Un autre défi réside dans la diversification des secteurs dans lesquels les femmes créent leurs entreprises. En Afrique, celles-ci sont souvent cantonnées à certains domaines considérés comme leur chasse gardée : le textile, la restauration et l’hôtellerie ; alors que les secteurs du transport, de la manufacture ou de la construction, qui sont dominés par les hommes, offrent un meilleur retour sur investissement. Par ailleurs, de nombreuses entrepreneuses le deviennent par nécessité économique, avec d’importantes contraintes telles que les différences de compétences, de capital, de réseaux, de formation, de temps et de charges familiales. Si notre objectif est de créer de la richesse, il est peut-être temps d’affranchir les Africaines des limites qui leur sont imposées par certains acteurs et par la structure de nos sociétés.
Mutualiser nos ressources
Il nous faut enfin assurer la protection des femmes lorsqu’elles investissent dans des secteurs à prédominance masculine, où les entreprises qu’elles créent sont en moyenne plus grandes et plus rentables. Mais pour arriver à changer la donne, nous devons transformer nos épargnes solidaires (les tontines, par exemple) en levier d’investissements et mutualiser nos ressources. Les millions d’Africains disposant de revenus réguliers peuvent emboîter le pas aux Ethiopiens de la diaspora, qui ont mobilisé un peu plus de 2 millions de dollars entre octobre 2018 et février 2019. Nous pouvons faire beaucoup mieux à l’échelle du continent et de la diaspora. Notre objectif commun doit être de mettre nos ressources au service de la transformation de l’économie africaine.
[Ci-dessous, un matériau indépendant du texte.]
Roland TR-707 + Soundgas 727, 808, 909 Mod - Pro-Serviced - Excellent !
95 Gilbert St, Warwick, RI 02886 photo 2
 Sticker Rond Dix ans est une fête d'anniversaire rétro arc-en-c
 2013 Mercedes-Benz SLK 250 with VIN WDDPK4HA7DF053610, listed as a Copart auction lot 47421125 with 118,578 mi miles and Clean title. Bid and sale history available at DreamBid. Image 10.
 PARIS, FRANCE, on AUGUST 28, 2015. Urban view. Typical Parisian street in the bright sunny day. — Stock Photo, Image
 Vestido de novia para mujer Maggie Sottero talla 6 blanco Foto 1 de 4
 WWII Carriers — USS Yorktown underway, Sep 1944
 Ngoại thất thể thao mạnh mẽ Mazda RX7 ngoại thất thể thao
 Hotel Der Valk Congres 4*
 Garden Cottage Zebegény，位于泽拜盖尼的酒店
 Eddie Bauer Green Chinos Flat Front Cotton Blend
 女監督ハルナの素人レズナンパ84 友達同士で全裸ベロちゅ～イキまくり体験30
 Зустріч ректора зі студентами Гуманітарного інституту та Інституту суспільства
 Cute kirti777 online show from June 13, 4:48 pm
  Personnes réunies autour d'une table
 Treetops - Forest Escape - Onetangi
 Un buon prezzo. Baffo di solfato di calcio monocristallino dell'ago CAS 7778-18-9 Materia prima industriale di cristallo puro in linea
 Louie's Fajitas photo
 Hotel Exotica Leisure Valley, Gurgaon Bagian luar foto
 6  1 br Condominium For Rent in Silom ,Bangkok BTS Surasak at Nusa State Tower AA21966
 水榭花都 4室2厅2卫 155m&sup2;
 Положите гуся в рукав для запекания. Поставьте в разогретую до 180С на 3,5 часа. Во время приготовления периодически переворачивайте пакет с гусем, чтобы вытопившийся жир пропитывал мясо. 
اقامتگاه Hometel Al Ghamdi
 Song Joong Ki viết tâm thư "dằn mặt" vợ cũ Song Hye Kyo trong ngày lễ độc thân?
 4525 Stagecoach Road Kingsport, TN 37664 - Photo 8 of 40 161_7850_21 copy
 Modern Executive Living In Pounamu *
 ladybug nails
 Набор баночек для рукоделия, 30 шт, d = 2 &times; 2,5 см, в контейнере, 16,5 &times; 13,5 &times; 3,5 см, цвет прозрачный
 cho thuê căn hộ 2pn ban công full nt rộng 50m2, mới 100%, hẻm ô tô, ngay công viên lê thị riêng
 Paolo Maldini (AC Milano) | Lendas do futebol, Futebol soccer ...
L’Afrique compte 600 millions de femmes. Limiter leur capacité à prospérer freine les avancées dont nous avons désespérément besoin pour créer des emplois. Mais les Africaines ne sont pas seules face à ces difficultés. Les solutions que nous trouvons ici, en Afrique, renforceront le potentiel des femmes à travers le monde.
Carl Manlan est le directeur des opérations de la Fondation Ecobank.